__Exercise details__
From the data underneath, reproduce exactly the stretch that begins at the line with "Bed and Breakfast" and ends after the line with "Sweet Lolita Two Ear White Adorable Handbag".

START Available records

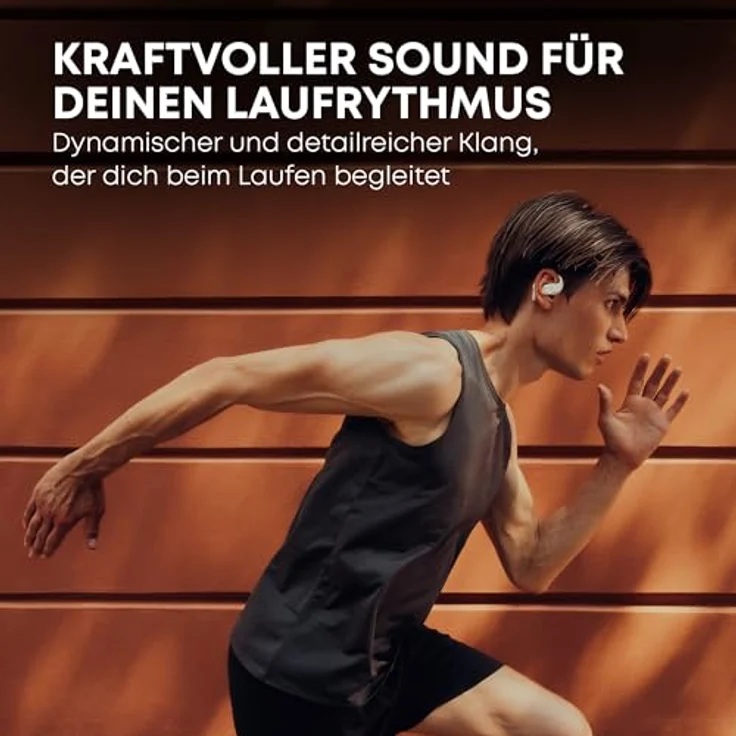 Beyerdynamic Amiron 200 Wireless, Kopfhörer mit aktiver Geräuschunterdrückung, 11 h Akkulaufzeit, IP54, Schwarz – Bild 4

END Available records
START Available records

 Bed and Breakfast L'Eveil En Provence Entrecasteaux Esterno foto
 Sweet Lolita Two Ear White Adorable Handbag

END Available records
START Available records

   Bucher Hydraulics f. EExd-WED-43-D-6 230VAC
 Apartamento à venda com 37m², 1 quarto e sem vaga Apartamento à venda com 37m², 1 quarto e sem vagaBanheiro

END Available records

__Output of the exercise__
 Bed and Breakfast L'Eveil En Provence Entrecasteaux Esterno foto
 Sweet Lolita Two Ear White Adorable Handbag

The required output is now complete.